The night sky is more than just the moon and stars, if you know when and where to look.
The night sky is more than just the moon and stars, if you know when and where to look.
Credit: Karl Tate/

Monthly skywatching information is provided to by Chris Vaughan of Starry Night Education, the leader in space science curriculum solutions. Follow Starry Night on Twitter @StarryNightEdu.

Editor's note: If you have an amazing skywatching photo you'd like to share for a possible story or image gallery, you can send images and comments in to

Yearly Night Sky Guides:

When, Where and How to See the Planets in the 2018 Night Sky

The Top Skywatching Events to Look for in 2018

The Brightest Planets in December's Night Sky: How to See them (and When)

Best Night Sky Events of December 2018 (Stargazing Maps) 

Sunday, December 2 pre-dawn — Venus at Greatest Illuminated Extent

In the early hours of Sunday, December 2, Venus will reach its greatest illuminated extent for the current morning apparition.
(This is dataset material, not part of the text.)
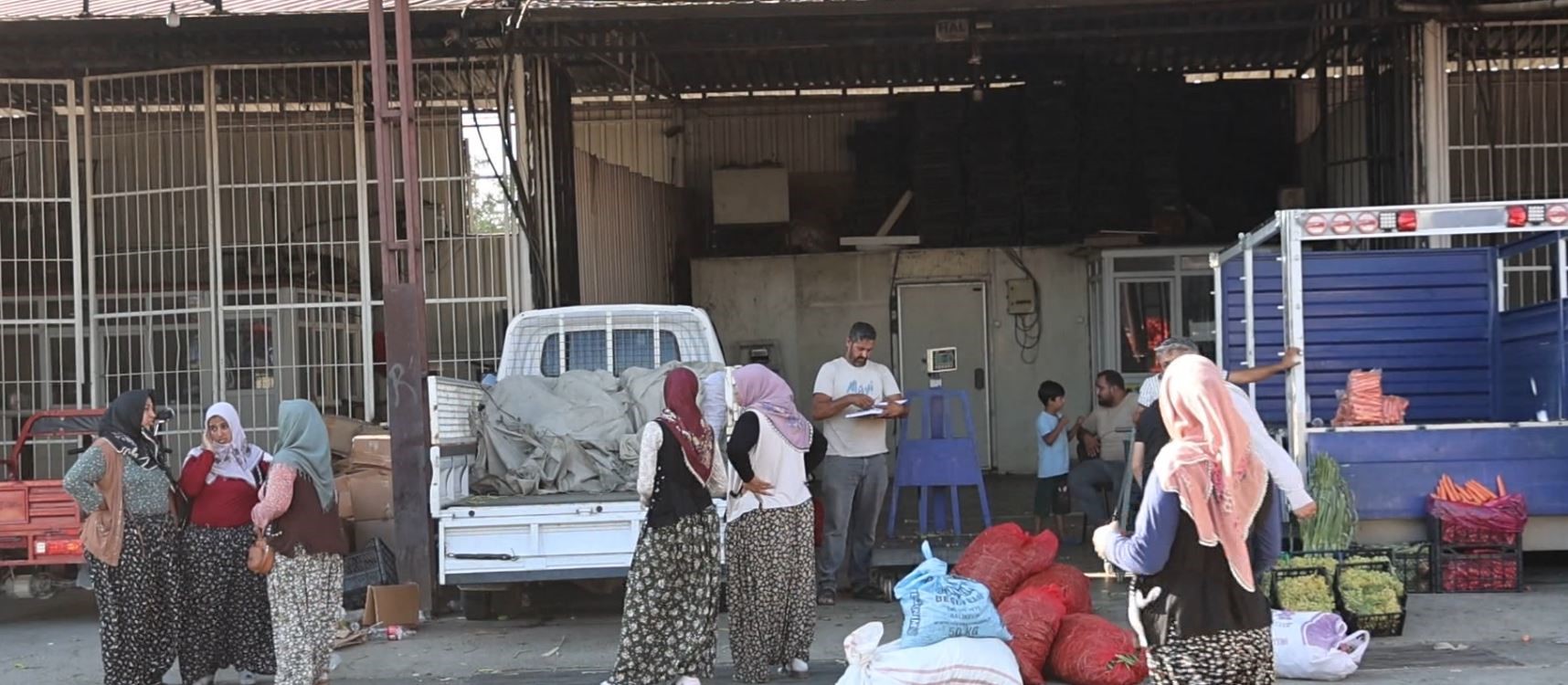 Burada eli ayağı tutan herkes çalışıyor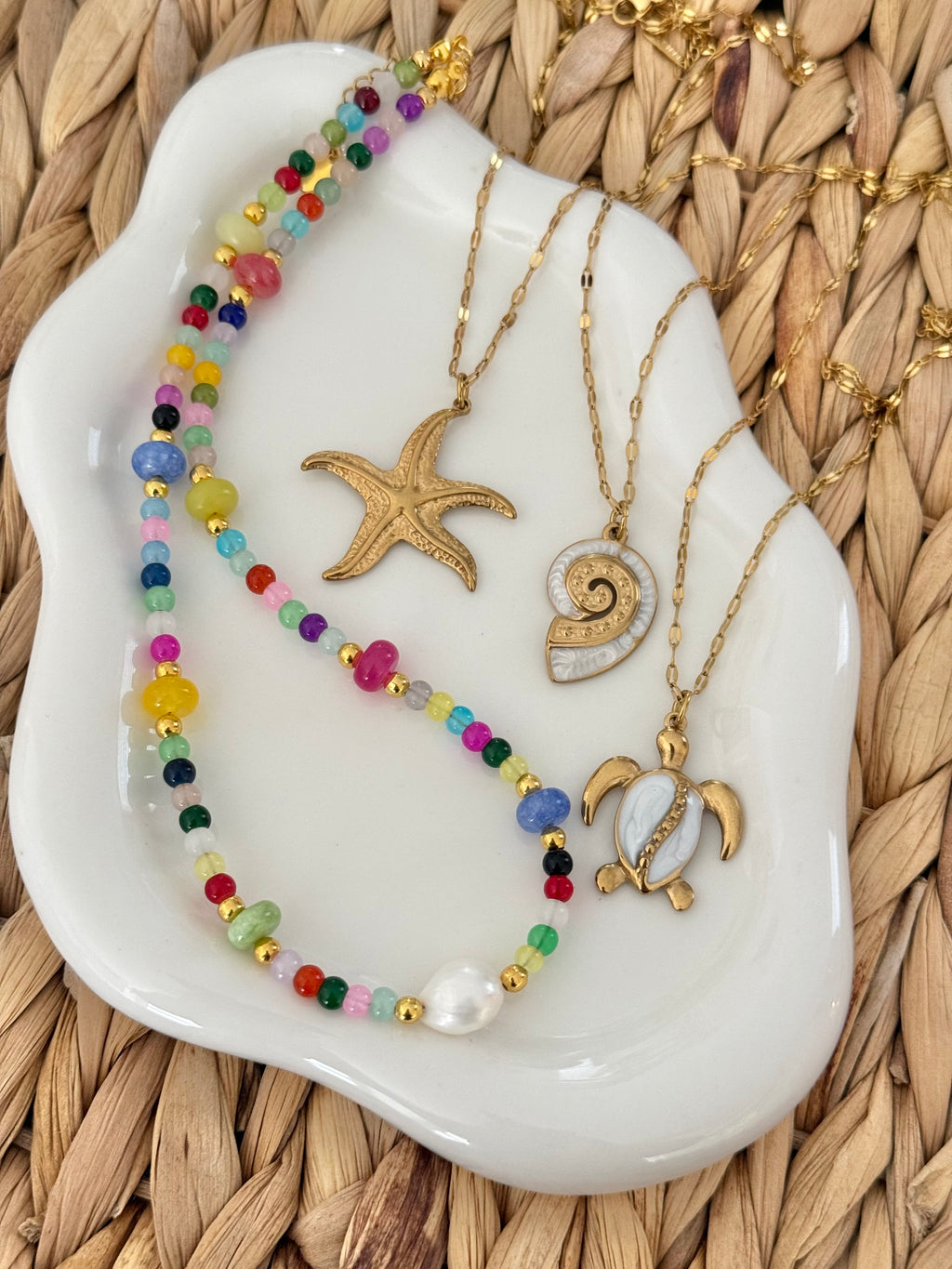 Colorfully pearl necklace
In a telescope, the planet will show a crescent phase. Despite this, Venus' nearness to Earth of only 0.418 Astronomical Units (38.85 million miles or 62.53 million km) will boost its brightness to a visual magnitude of -4.87. The very bright planet will be visible in the eastern pre-dawn sky after it rises at about 4 a.m. local time.

Monday, December 3 pre-dawn — Old Moon Jumps Venus

In the eastern pre-dawn sky on Monday, December 3, the old crescent moon will occupy a position less than 6 degrees (a palm's width) above Venus. The following morning, the moon's eastward orbital motion (green line) will carry it 8 degrees to Venus' lower left.

Tuesday, December 4 pre-dawn – Old Moon Meets Ceres

In the eastern pre-dawn sky on Tuesday, December 4, the old crescent moon will sit less than 2 degrees (2 fingers widths) to the right of the dwarf planet Ceres. Located in the main asteroid belt, magnitude 8.85 Ceres will be visible in binoculars (orange circle) and small telescopes. 

Wednesday, December 5 pre-dawn — Mercury and the Old Moon

When Mercury rises over the east-southeastern horizon at approximately 6 a.m. local time on Wednesday, December 5, it will be sitting less than 5 degrees (about a palm's width) below the very slender crescent moon. When viewed in a telescope, Mercury will exhibit a crescent phase that resembles the moon's. The best time to look for Mercury will occur before 7 a.m. local time. 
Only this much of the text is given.